Il m'agrippe par les épaules. Il me secoue.
- Il y a un problème !
- Oui, oui, oui !
TOC TOC TOC
Je pense.
"Sauve toi, pauvre conne"
L'appartement est plongé dans la pénombre. La lune rampe sur le plancher.
L'odeur de la soupe qu'on a mangé, celle du thé, de la Javel...
Et c'est comme si la main de Chris avait toujours été forgé dans la mienne.
On se fait facilement aux hurlements. Ce sont des murmures dans la nuit.
Les cris des sirènes ? Le ronronnement du frigidaire ? Le tic-tac de l'horloge ?
On s'endort sous les hurlements, on se réveille sous les hurlements.
Et on ne s'en rendait pas compte !
Elle frappe à ta porte.
Les coups redoublent de puissance. Les hurlements explosent dans des gerbes de sang.
Ce que les yeux ne voient pas, mes yeux l'imaginent.
Mon corps est en acier. Il ne fond pas. Il ne bouge pas. Il ne mord pas.
- Qu'est-ce qu'il se passe ?
Mes lèvres sont deux billets de 10$ recourbés.
- Tu as ouvert les fenêtres ?
- Non.
Les murs tremblent sous ses assauts.
Les gonds gémissent.
La porte hurle à la mort.
des cris, toujours plus de cris
Et ça m'apparait soudain avec clarté:
On est foutu.
- Ils sont entrés, c'est ça ?!
- Peut-être.
J'écoute mais je n'entends que mon cœur.
Qu'est-ce qu'il gueule !
- Qu'est-ce que... On doit faire quelque chose, non ? Qu'est-ce qu'on peut faire ? On peut...
Je gueule.
- Peut-être que quelqu'un a besoin d'aide ? On pourrait... ?
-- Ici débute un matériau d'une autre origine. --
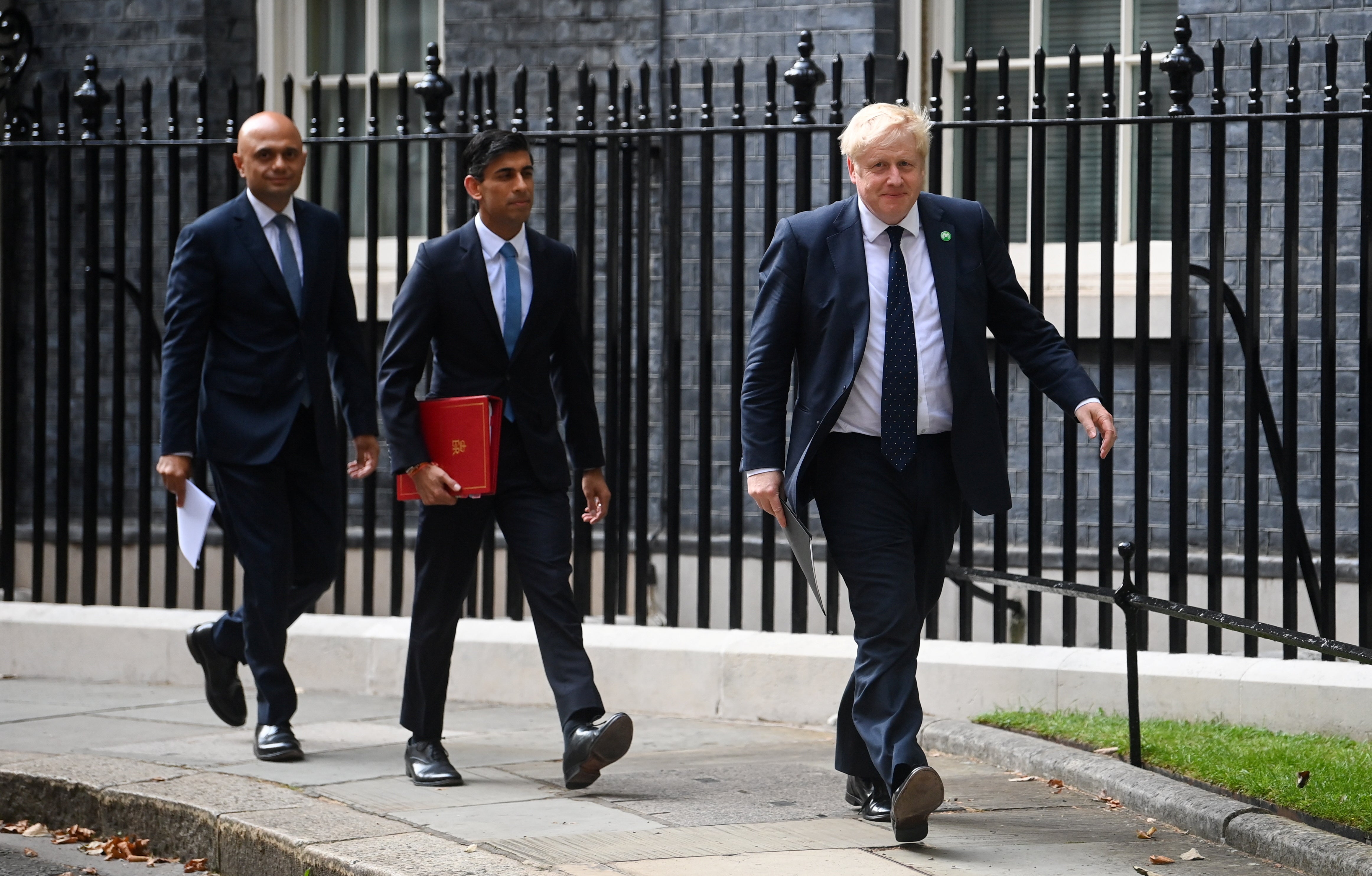 From left: Sajid Javid, Rishi Sunak and the prime minister, Boris Johnson (Toby Melville/PA)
Je lâche prise. Il s'aggripe à moi.
J'ai des sueurs froides, la tête qui tourne, les yeux qui brillent.
- Tu t'es levé trop vite.
Chris ne s'est pas douché. Il sent Vanzetti.
Et la mort
aussi
- Retourne t'allonger. Je vais aller voir.
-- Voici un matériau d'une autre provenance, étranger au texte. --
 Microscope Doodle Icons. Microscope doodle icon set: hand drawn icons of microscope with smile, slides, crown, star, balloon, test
- C'est trop dangereux ! On...
- ... ne peut pas les laisser, enchaine Chris. Je vais voir ce que je peux faire.
Tu veux toujours bien faire ! Chris, le fils à maman. Chris, le petit préféré. Chris, le bébé ! Chris, est-ce que tu peux m'aider à faire mes devoirs ? Chris, est-ce que tu peux préparer le dîner ? Chris, est-ce que tu peux arrêter de respirer ? CHRIS CHRIS CHRIS
- S'ils ne sont pas trop bêtes, ils sont restés chez eux, je murmure. Reste ! Ça va passer.
- Ça ne passera pas, justement.
- Chris !
Ma voix claque comme un fouet. Je me pends à son bras.
- On ira voir demain !
- Demain, elle sera morte.
Chris se détourne mais je m'accroche.
- Demain, elle sera morte, il me répète.
Je murmure: " Alors, je viens avec toi, je viens avec toi, je viens avec toi, je viens avec toi"
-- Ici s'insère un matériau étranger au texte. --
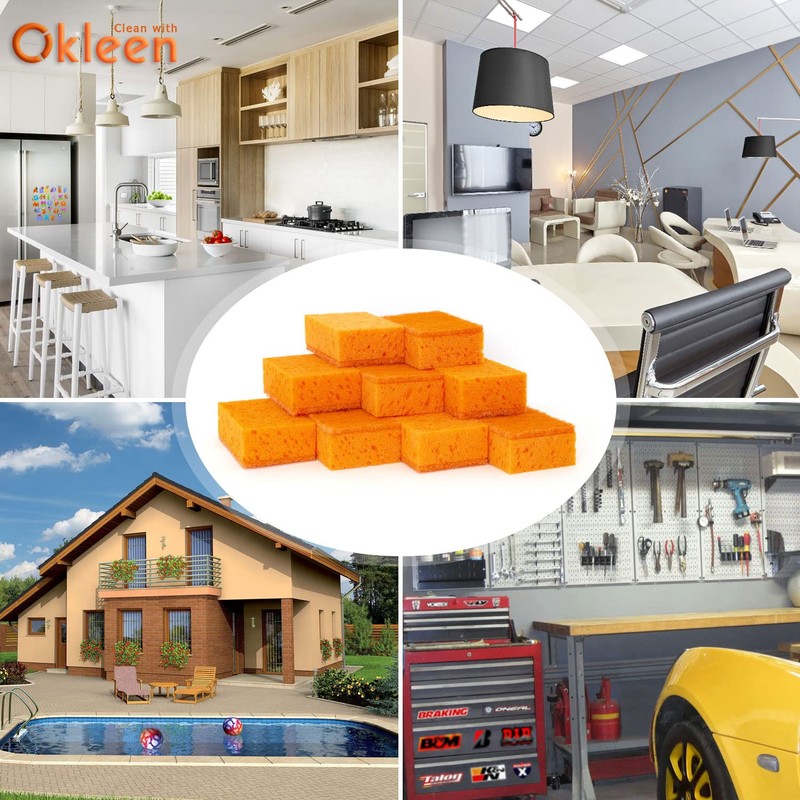 Okleen Orange Multi Use Scrub Sponge. Made in Europe. 18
Et je pense: "Il n'y en a plus pour longtemps. Gagne du temps. Gagne du temps. "
Et les cris continuent mais j'en ai entendu toute ma vie.
C'est comme une alarme incendie. Ça finira par s'éteindre.
- Tu refermeras la porte derrière moi et tu pousseras la table.
On a toujours le choix, n'est-ce pas ?
Les solutions et les réponses n'existent pas.
Il y a ce qu'on peut faire et ce qu'on ne peut pas faire.
Je pouvais le faire.
- Hélène ? Hélène, lâche moi.
Mes ongles ont déchiré le tissu.
Mes larmes en ont délavé la couleur.
Oui, j'imagine que j'aurais pu le faire.
- Hélène, tu me fais mal.
Je ne regrette RIEN
T'entends ça, Bianca ? Je ne regrette RIEN !
Un coup de feu me coupe le souffle et je lâche prise. Mes mains glissent, mes jambes flanchent.
Chris me repousse. Il se précipite.
- Non ! N'ouvre pas la porte !!
Le couloir l'avale.
La main tendue vers la porte, j'attends.
On ne revient pas du néant.
Un second coup de feu.
Qui tire ? Où ? Sur qui ?
Du noir, du noir partout.
Les cris, le cœur, la chaleur, les mains qui tremblent
Et Chris ?
Chris est dehors.
CHERCHE UN ABRI
CACHE TOI
CHERCHE UN ABRI
CACHE TOI
Chris est dehors !
J'ai tellement peur.J'ai tellement peur que...
On s'y habitue.
Pousse sur les jambes, croise les bras, ferme les yeux et sort.
C'est comme se jeter dans le vide.
C'est comme se jeter dans le vide
Le courage n'a rien à voir là-dedans.
J'ouvre les yeux et je suis dehors.
La porte claque dans mon dos.
Au troisième coup de feu, je respire encore.
Chris fait rempart.
Le silence
Chris s'écarte. Dans le couloir, nous sommes quatre.
Je tombe dans le vide.
- Qu'est-ce qu'il s'est passé ici ?
- Il est revenu.
- Qui ça ?
- Vanzetti.
Mano se laisse tomber contre le mur. Il est couvert de sueur.
Dans sa main, le canon du revolver fume encore.
- Il est là depuis hier, dit Chris.
- Oui ! Non... Je te dis qu'il est revenu... d'entre les morts.
- Je ne pense pas, non.
Chris me jette un coup d'œil. Il sourit car je suis sortie.
- Il... Il l'a...
Son regard revient vers la porte ouverte. Sur le seuil, il voit un bras.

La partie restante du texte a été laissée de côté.